Pourtant, qui peut être surpris par le calcul du président français ? Le Labour dispose de vingt points d’avance en moyenne sur les conservateurs dans les sondages depuis le mois de juin. Son retour au pouvoir lors de l’élection générale prévue l’an prochain – à une date à déterminer – paraît inéluctable.
La prudence, élément clé de sa stratégie
Avocat de profession, élu à la Chambre des communes en 2015 dans une circonscription du nord de Londres, Keir Starmer s’est fait connaître du public après avoir été chargé de superviser la politique du gouvernement sur le Brexit. Devenu la figure de proue des opposants au Brexit, il avait été élu aisément à la tête de son parti en avril 2020 suite à la démission de Jeremy Corbyn. Il avait pourtant toujours tenu à garder une position floue, voire conservatrice, sur les grands sujets d’actualité. Lors de la grande vague de grèves entamées il y a un an, Keir Starmer a interdit aux membres de son cabinet de soutenir les grévistes. Fin août, le parti a rejeté la possibilité d’augmenter les impôts des plus riches. À tel point qu’Anand Menon, professeur de sciences politiques à l’université King’s College London, nous disait il y a quelques semaines que “les travaillistes ont l’air nerveux, ils ont l’air d’avoir peur de leur propre ombre”.

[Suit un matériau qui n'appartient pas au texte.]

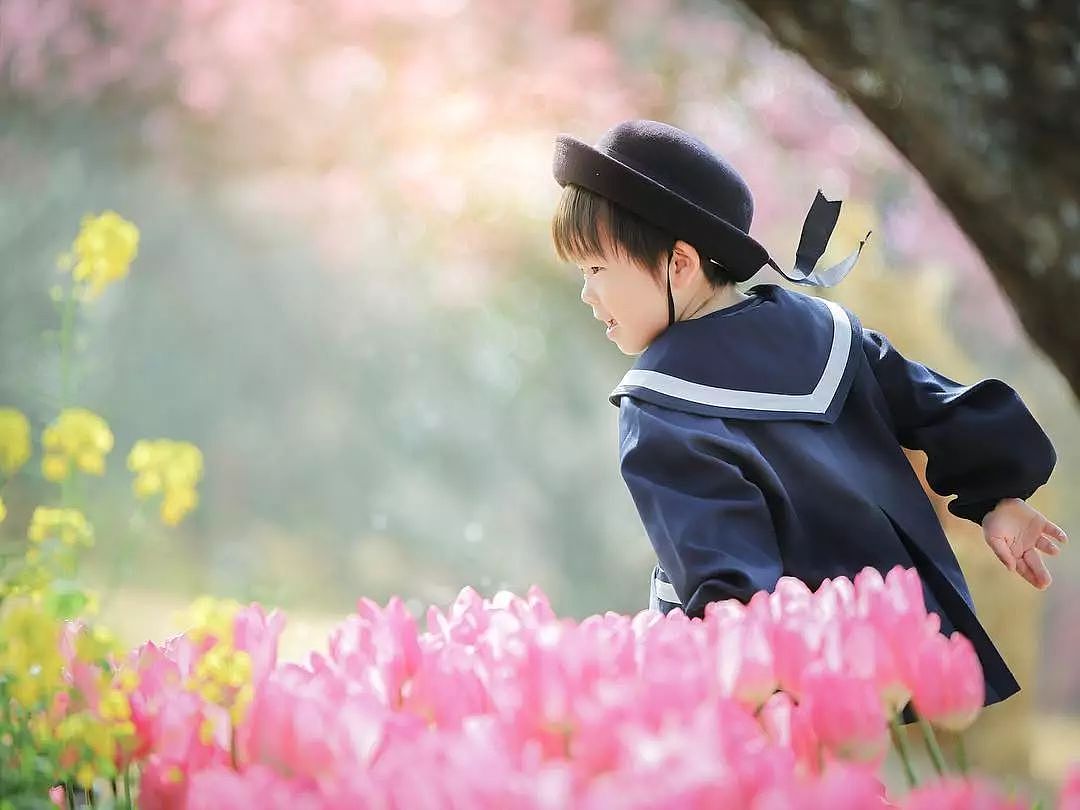 日本妈妈偷拍樱花树下的儿子，美成宫崎骏童话，治愈无数人 - 11
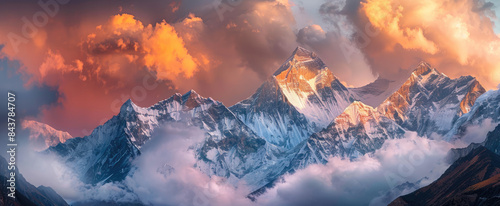 the Himalayas, mountains with snow and clouds, golden hour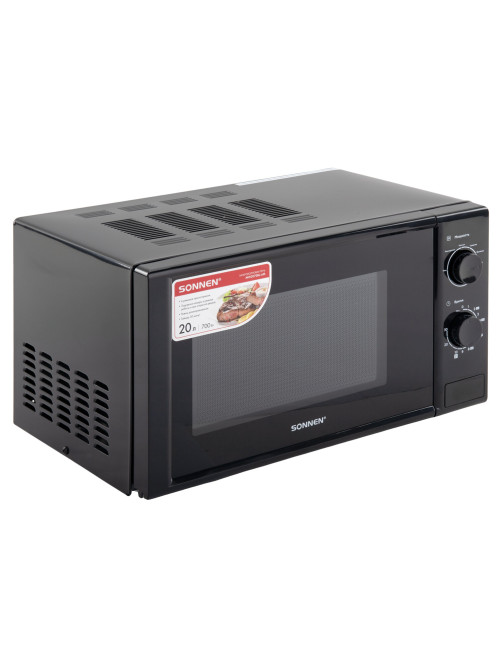 Микроволновая печь SONNEN MW2070BL-6M, 20 л, 700 Вт, таймер, механическое управление, кнопка, черная, 454984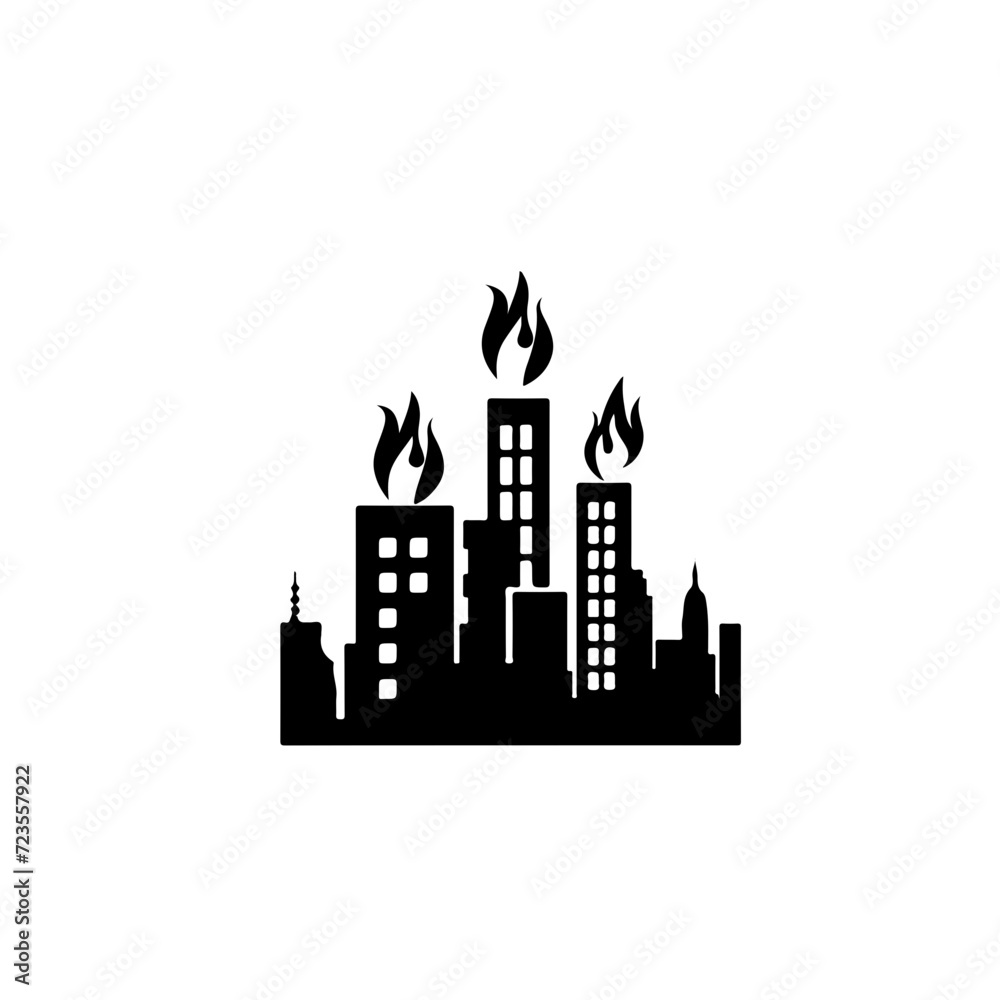 Cityscape with flames
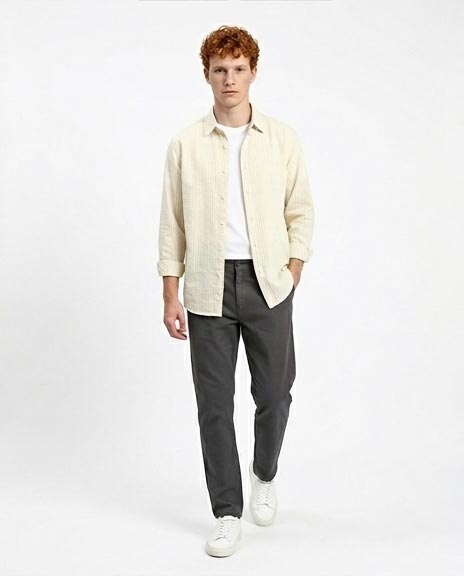 Ravin | Men's Sand Stripe Seersucker Vacation Shirt - Beige & Mint - R211680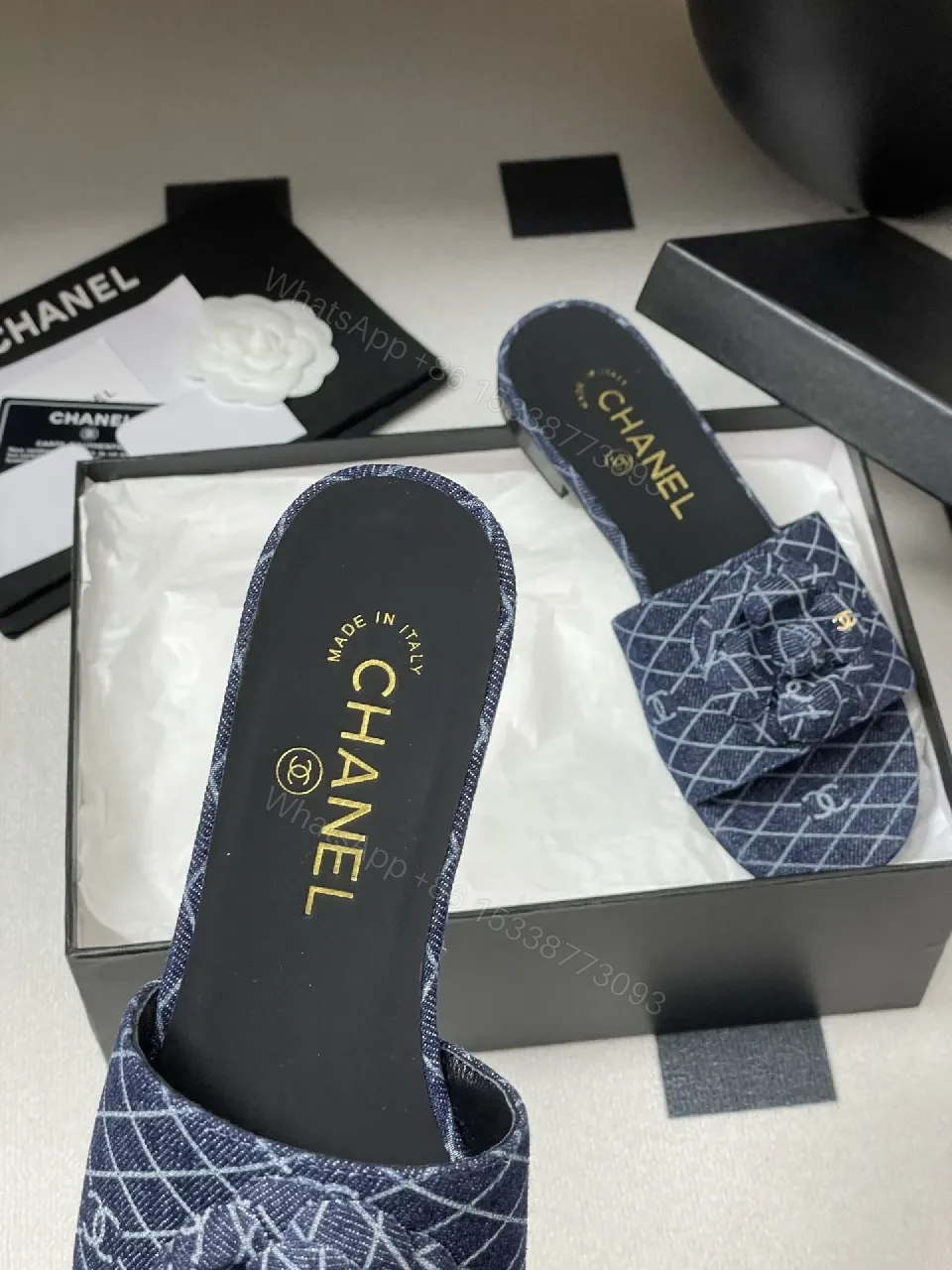 View 8 of Denim Pattern Slip-Ons with Signature Flower Bow Mule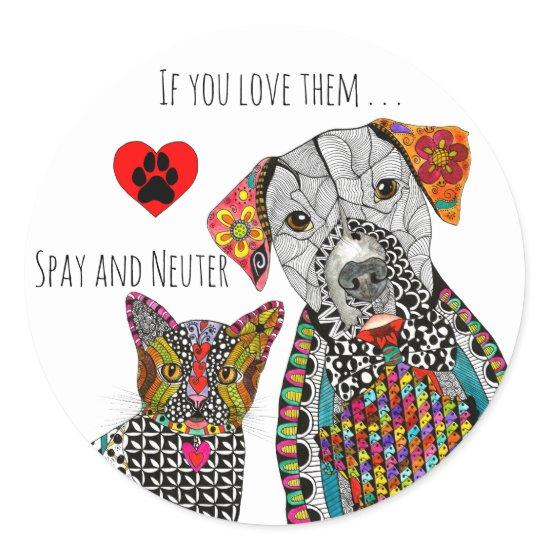 Cute and Colorful Spay and Neuter Sticker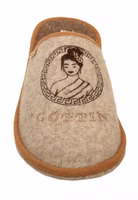 von vorne ein hellbrauner Filzpantoffel mit dunkelbrauner Stickerei einer Göttin sowie ein goldener Schriftzug Göttin, außen hellbraun eingefasst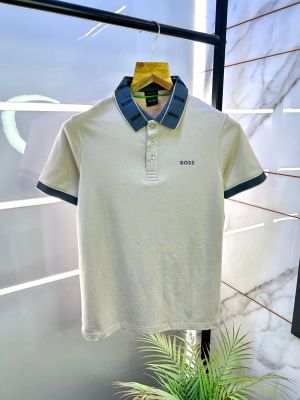 Hugo_Boss Grey Premium Collar Neck Polo T-shirt F3013-GY1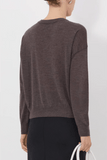 Loulou de Saison Kita Fine Crewneck Cardigan in Brown Melange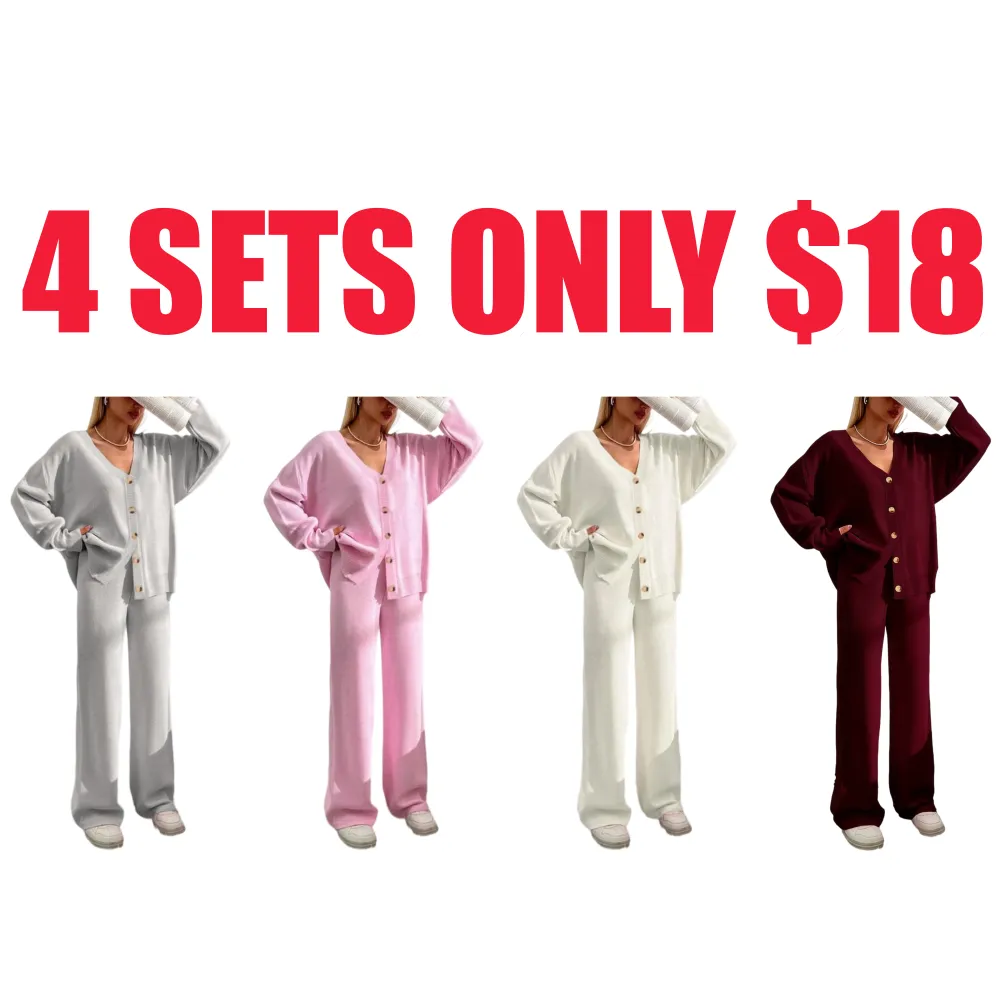 Women's Button Front V-Neck Cardigan & Wide Leg Pants Set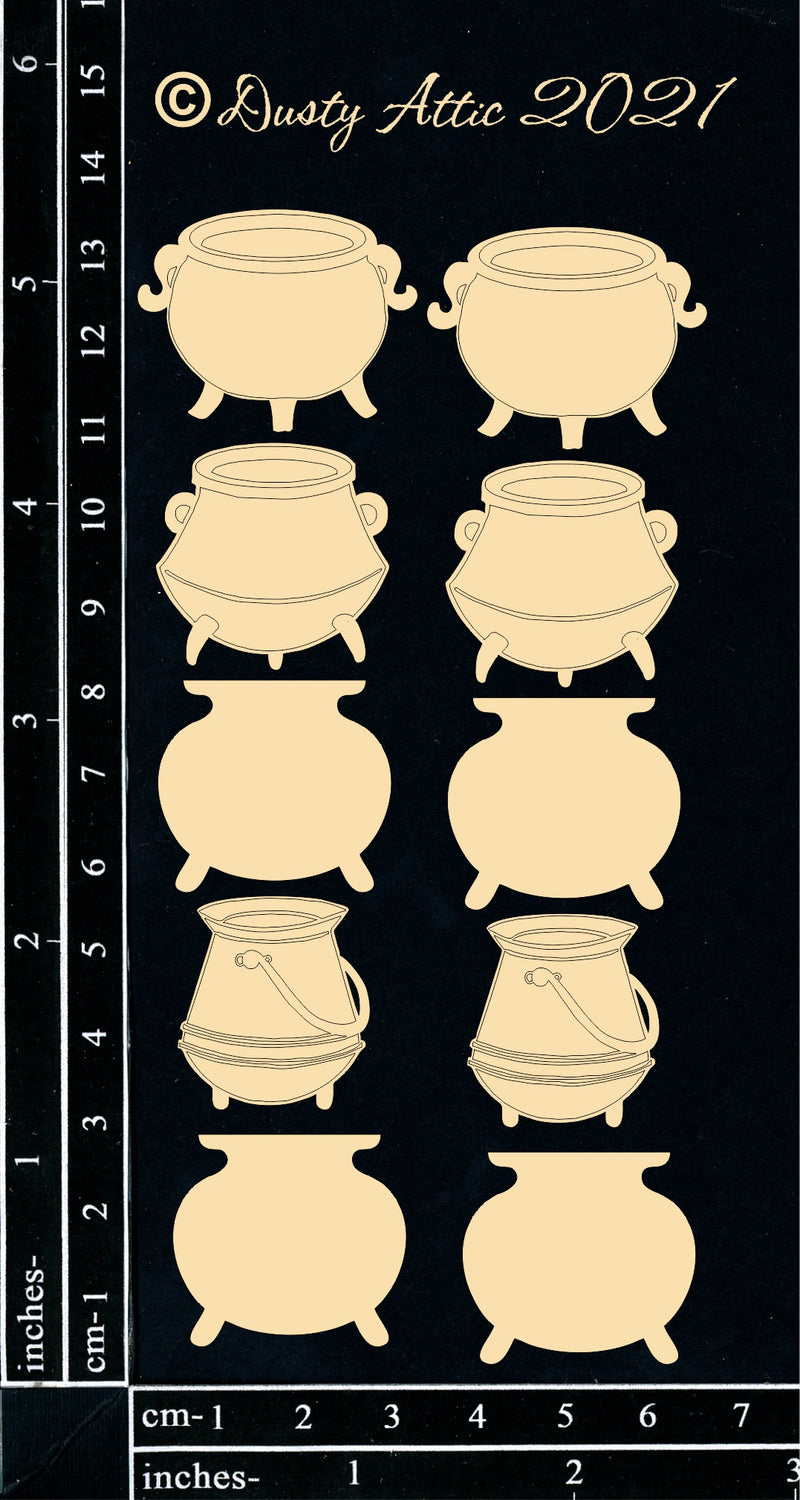 Dusty Attic Chipboard 3x6  - Cauldrons Small, DA3114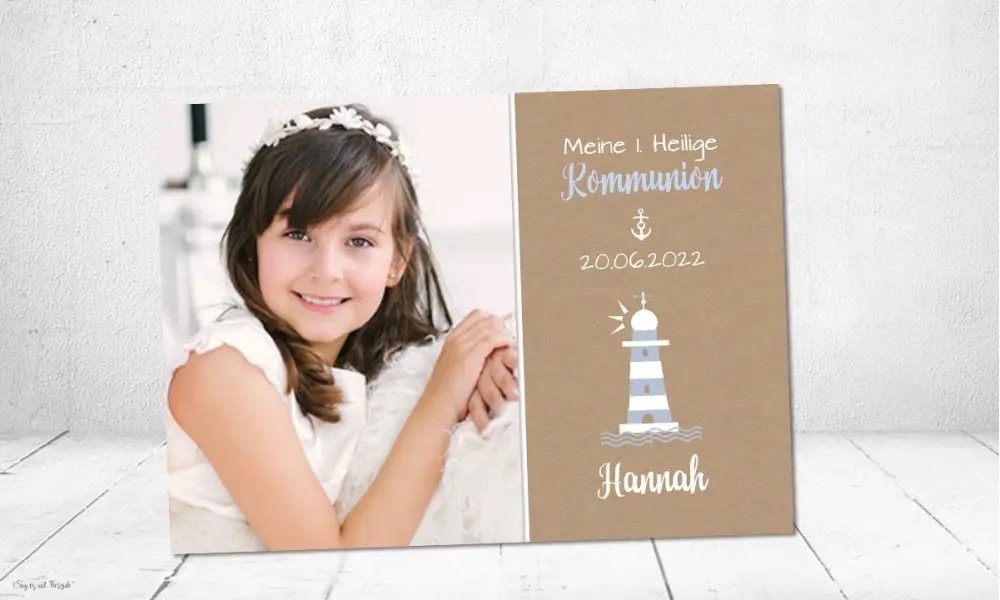 Danksagung Kommunion Kraftpapier Leuchtturm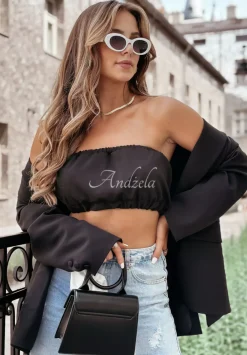 Krotki Top Opaska Bez Ramiaczek Think About Me Czarny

Keir Starmer tient à bout de bras un vase Ming tout en marchant sur un anneau de glace
“Keir Starmer tient à bout de bras un vase Ming tout en marchant sur un anneau de glace”, nous explique en souriant Jess Philips, député travailliste et membre de son équipe. Le Labour demeure en effet traumatisé par l’issue de l’élection générale de 1992, lors de laquelle le travailliste Neil Kinnock, grand favori, s’était fait battre par John Major, le successeur conservateur de Margaret Thatcher. Keir Starmer tient donc à ne pas s’aliéner les indécis. “Il est prudent dans ses annonces politiques, et je pense que cela fait partie de sa stratégie, poursuit la députée. Pourquoi dévoiler certaines mesures aussi tôt, avec le risque qu’elles soient reprises par d’autres partis ? Certains n’adopteraient peut-être pas cette stratégie, mais les résultats sont clairs : il est largement en tête dans les sondages. ”
Le remaniement opéré début septembre dans son équipe de direction pourrait être le signe d’une confiance nouvelle. La semaine dernière, il a dévoilé sa politique migratoire, un thème forcément polémique. Ce lundi, dans un entretien accordé au Financial Times, il s’est attaqué au sujet le plus tabou de la politique britannique : le Brexit. Après avoir prévenu qu’“ il n’est pas question de revenir dans l’UE”, il a assuré vouloir renégocier en 2025 l’accord de Brexit afin “d’obtenir un bien meilleur accord pour le Royaume-Uni”. Keir Starmer et le Labour ne semblent plus craindre d’afficher leurs ambitions.